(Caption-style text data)

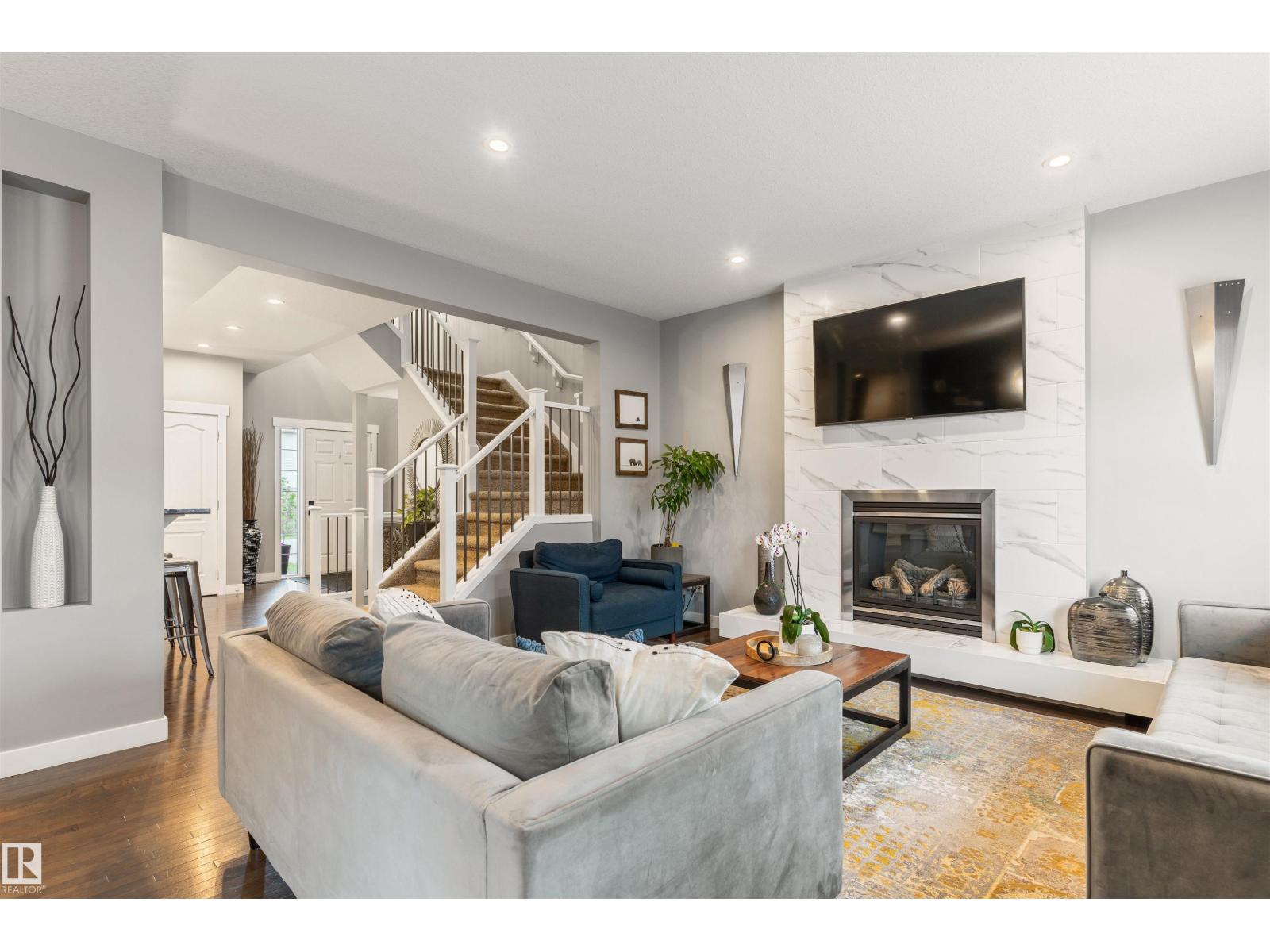 9519 221 ST NW - 7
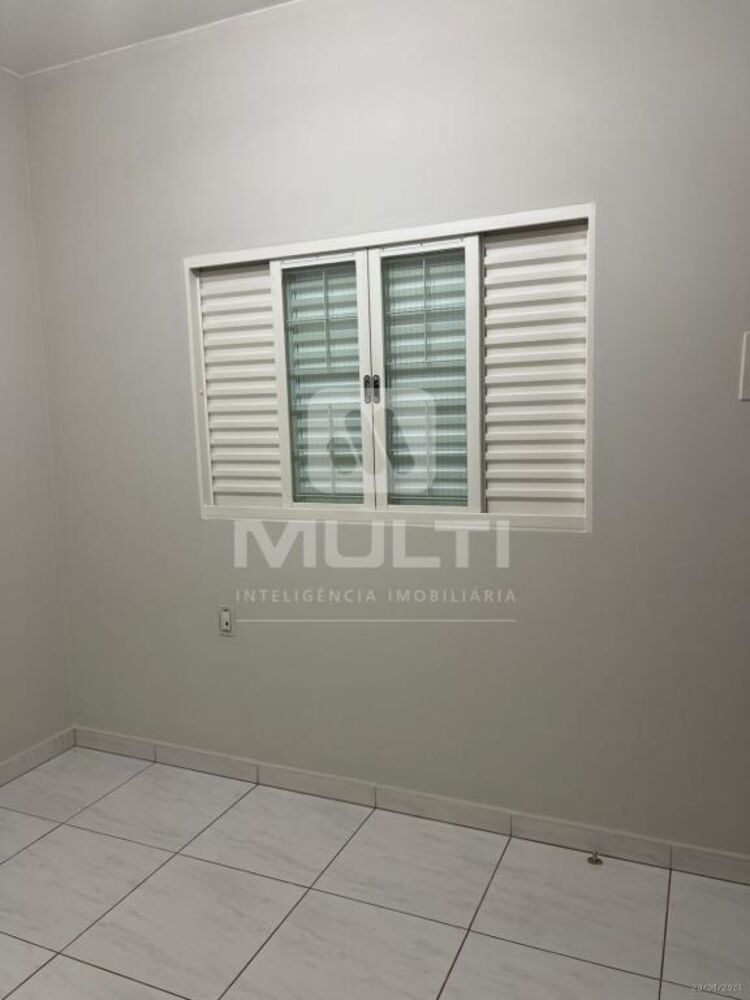 Casa à venda com 3 quartos, 112m² - Foto 19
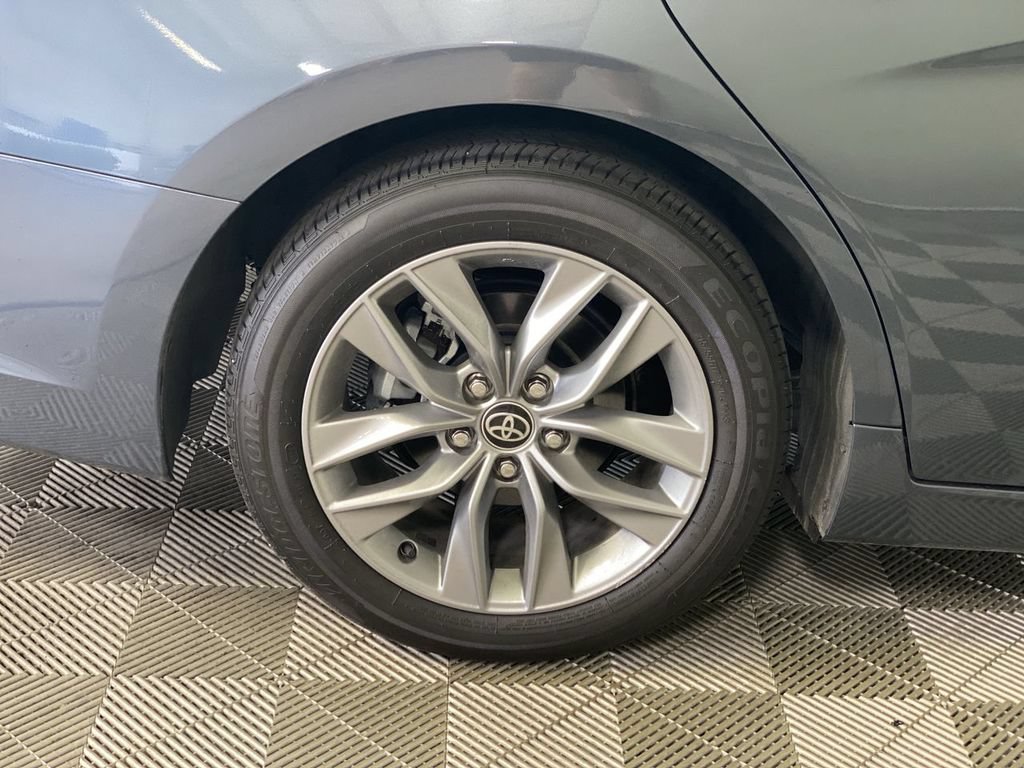 Used 2022 Toyota Avalon XLE FWD image 18
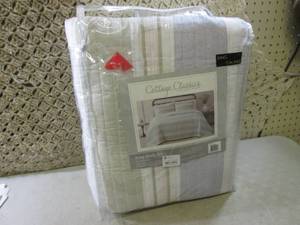lot 118 image: (D-3) King Size Quilt Set...
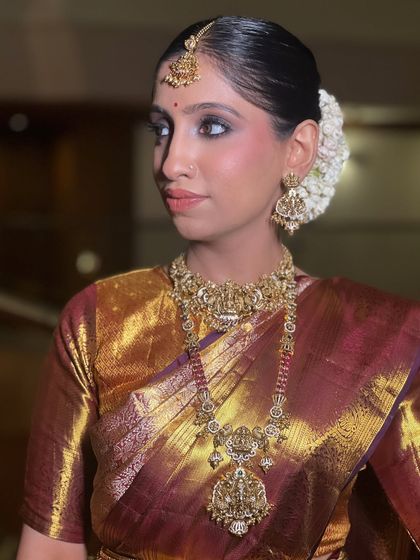 Another angle of my beautiful South Indian bride. The sleek bun adorned with fresh gajra and the radiant skin complete this timeless and graceful look.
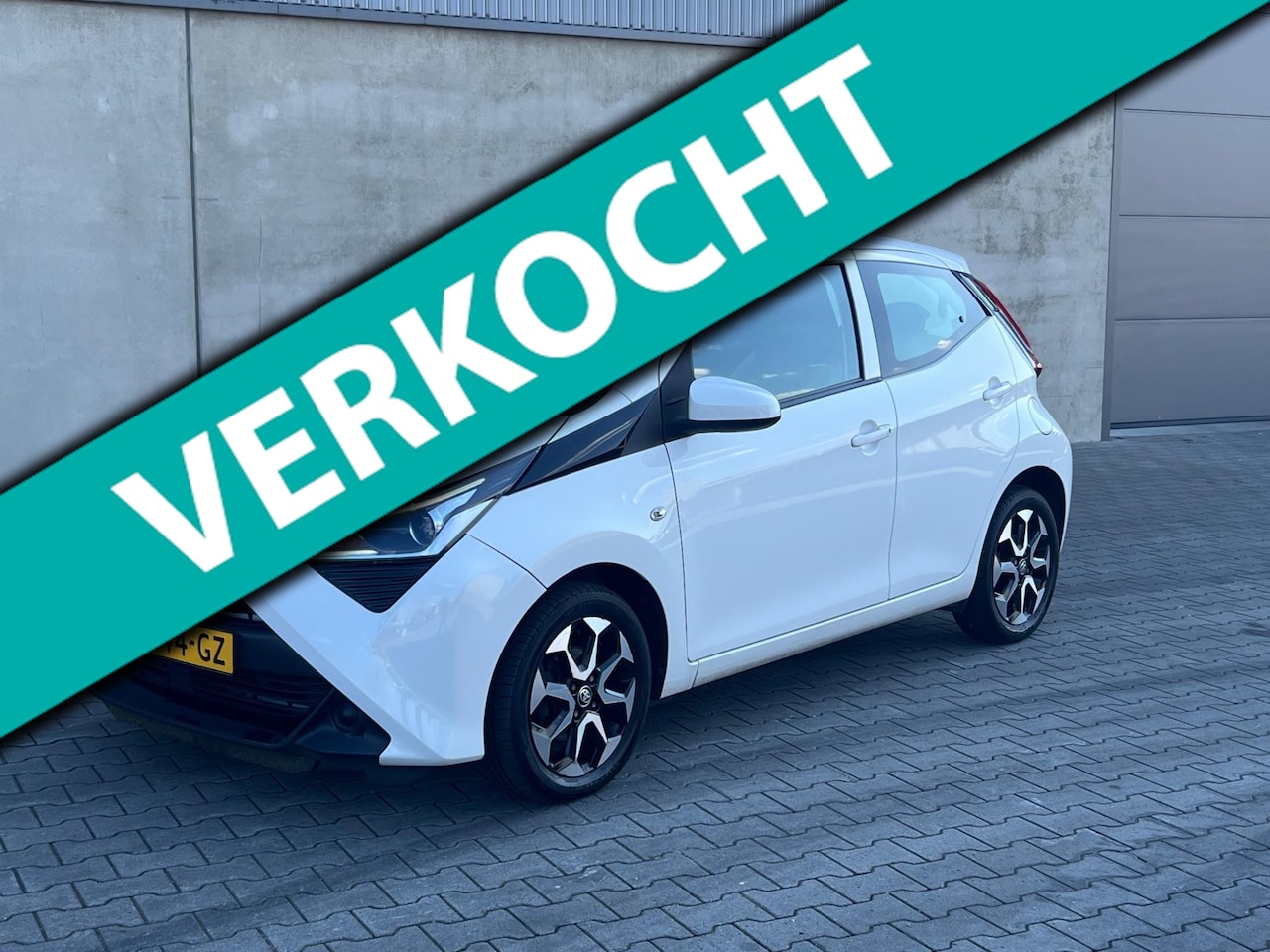 Toyota Aygo - 1.0 VVT-i x-fun 5 Deurs 87.000 KM NAP+LED+APPLE CARPLAY+CRUISE+AIRCO+USB AUX+VELGEN+APK 27 - AutoWereld.nl
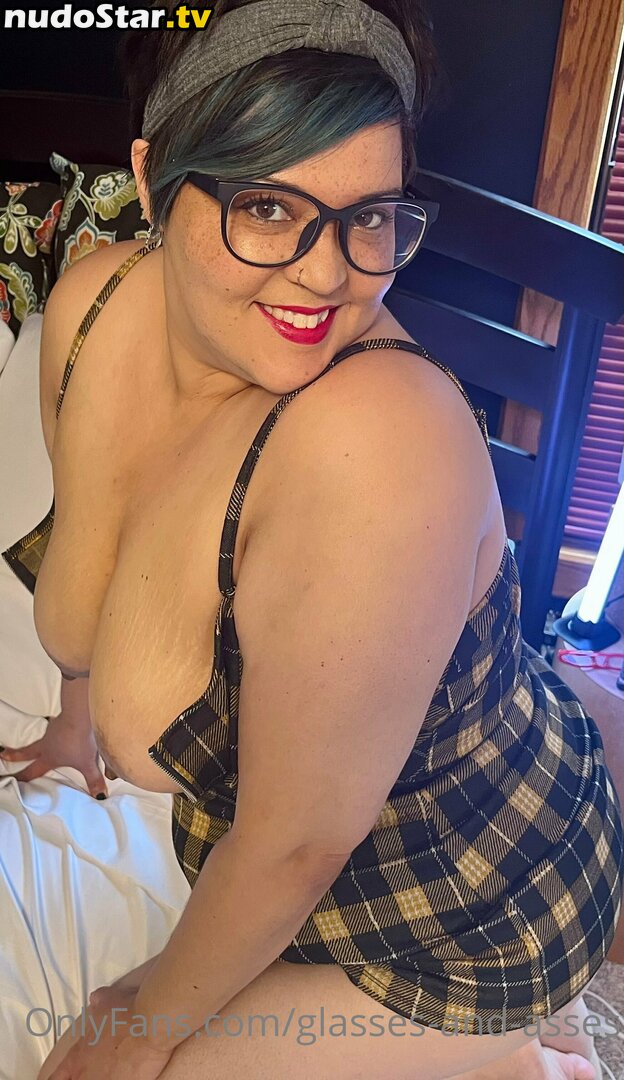 glasses-and-asses / glassesandasses Nude OnlyFans Leaked Photo #35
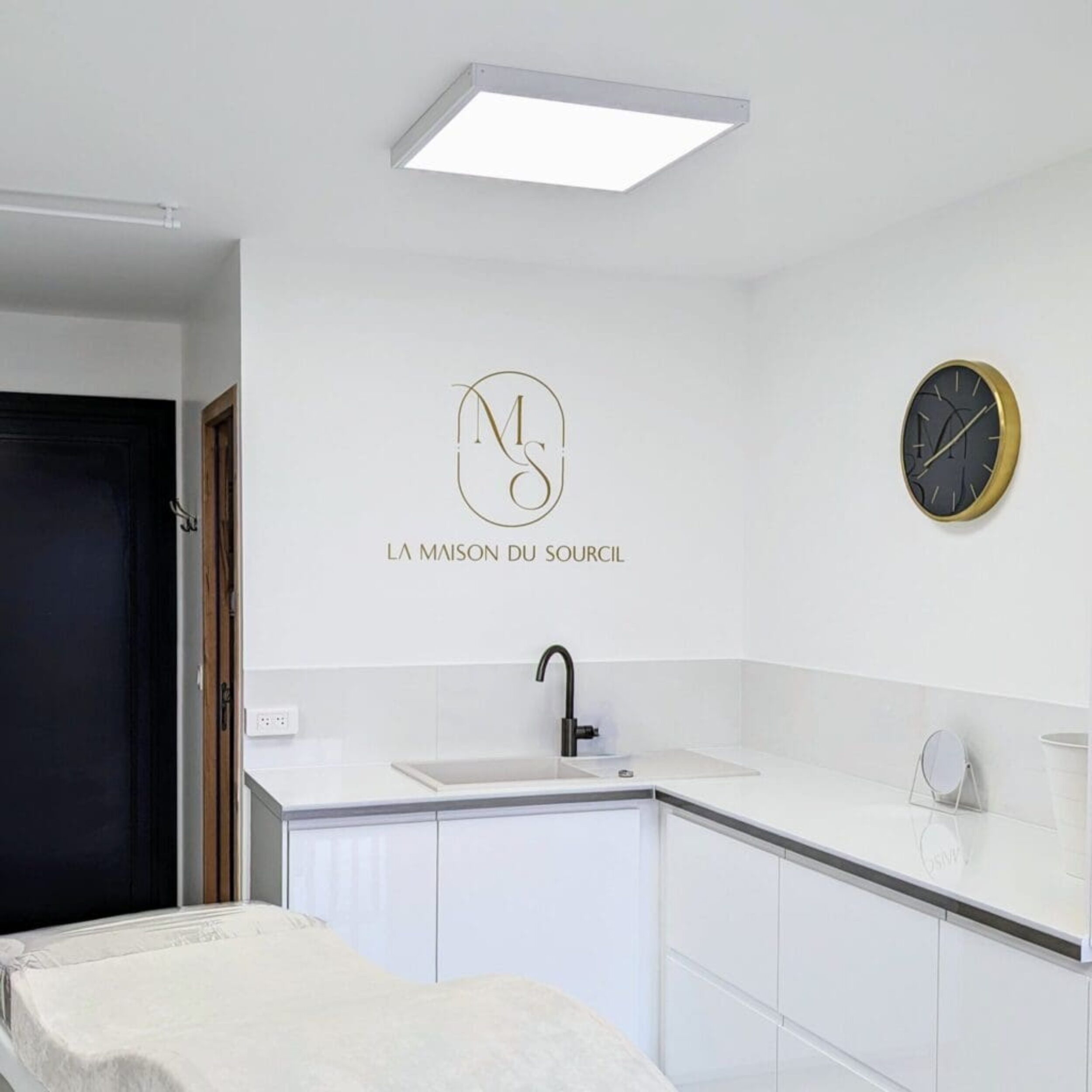 Autocollant Maison du Sourcil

**Exercise:**
Print every record above exactly, but no pictures.

**Answer to this task:**
 9519 221 ST NW - 7
 Casa à venda com 3 quartos, 112m² - Foto 19
 Used 2022 Toyota Avalon XLE FWD image 18
lot 118 image: (D-3) King Size Quilt Set...
 Another angle of my beautiful South Indian bride. The sleek bun adorned with fresh gajra and the radiant skin complete this timeless and graceful look.
 Toyota Aygo - 1.0 VVT-i x-fun 5 Deurs 87.000 KM NAP+LED+APPLE CARPLAY+CRUISE+AIRCO+USB AUX+VELGEN+APK 27 - AutoWereld.nl
 glasses-and-asses / glassesandasses Nude OnlyFans Leaked Photo #35
 Autocollant Maison du Sourcil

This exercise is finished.